The implied implementation of futures is a thread pool where the
futurefunction queues work for the thread pool. A scheduler will then decide which futures get work or are cancelled.
That is the end of additions to Poly/ML and Isabelle/ML. How well does it work? While subjective, performance improvements were more than acceptable with tests plateauing at around 8 cores. The tests were performed using large Isabelle/Isar proofs available in the standard distribution. Isabelle/Isar is non computational language and has a modular nature that makes it possible to exploit implicit parallelism. Four Isabelle applications were used for testing, all of which are considered reasonably large. The results showed a maximum of 3.2x speedup for 4 cores and 6.5x on 8 cores. Past 8 cores the performance increase plateaus. Two bottlenecks were investigated further. The first is garbage collection. As stated earlier Poly/ML has a single threaded stop-the-world GC. At 16 cores GC becomes about 15-30% of the run time. The second bottleneck is insufficient parallelization. Of the applications chosen, there was an insufficient amount of work to keep all of the cores busy.
While there are many implementations for functional languages out there, Poly/ML remains one of the few that supports true multicore threads in a stable state and used in realistic applications. The modifications to Poly/ML took about 1 person year of work. Future work includes parallelizing the garbage collector.
The DiscussionEvery few months the question of if Ocaml will get multicore support comes up. The answer is generally "no" (although it's coming closer to "yes" thanks to OcamlPro) with the reason being it is too hard to provide a proper implementation, garbage collection being given as the primary reason. I think that the results of Poly/ML show that even a single threaded stop-the-world GC can provide a sufficient performance advantage while also providing more powerful abstractions for parallelism.
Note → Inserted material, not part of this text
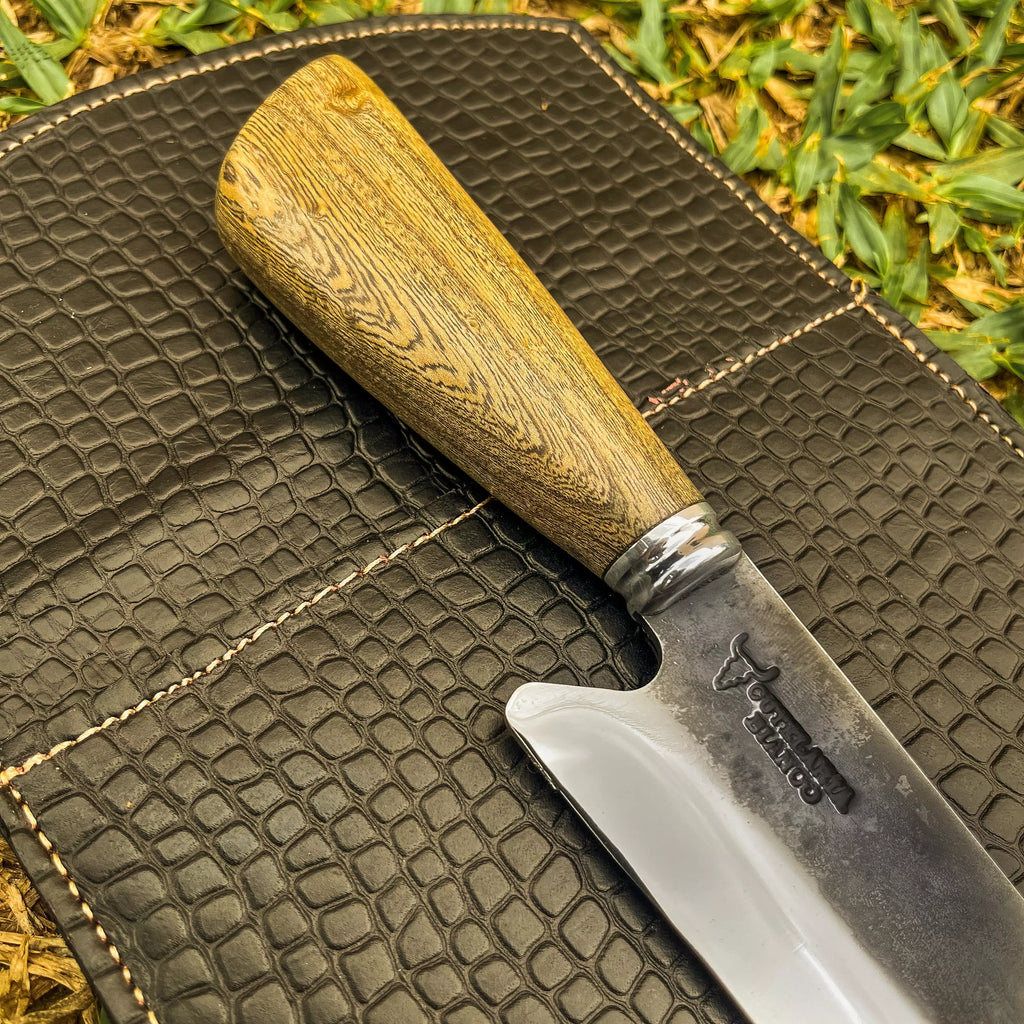 Faca Artesanal de Disco de Arado – Ideal para Churrasco e Culinária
A parallel garbage collector can be worked in later, if needed, without affecting existing code.
I liked that the authors chose to add low-level threading support and build layers on top. It gives developers options if the provided abstractions are not meeting their needs. Futures appear to be a very appealing abstraction but I worry somewhat that they are insufficient. In order to maximize parallelism, should every function consume and produce futures? That seems a bit overkill and the overhead would likely be enormous. But it is easy to think of situations where either decision hurts you, either because of the overhead or because you aren't utilizing all of the cores effectively. I do like futures as an option though and hope to see them if/when Ocaml gets multicore support.
This is my first exposure to Poly/ML and the authors have done excellent work. I hope it provides motivation for bringing Ocaml into the multicore world.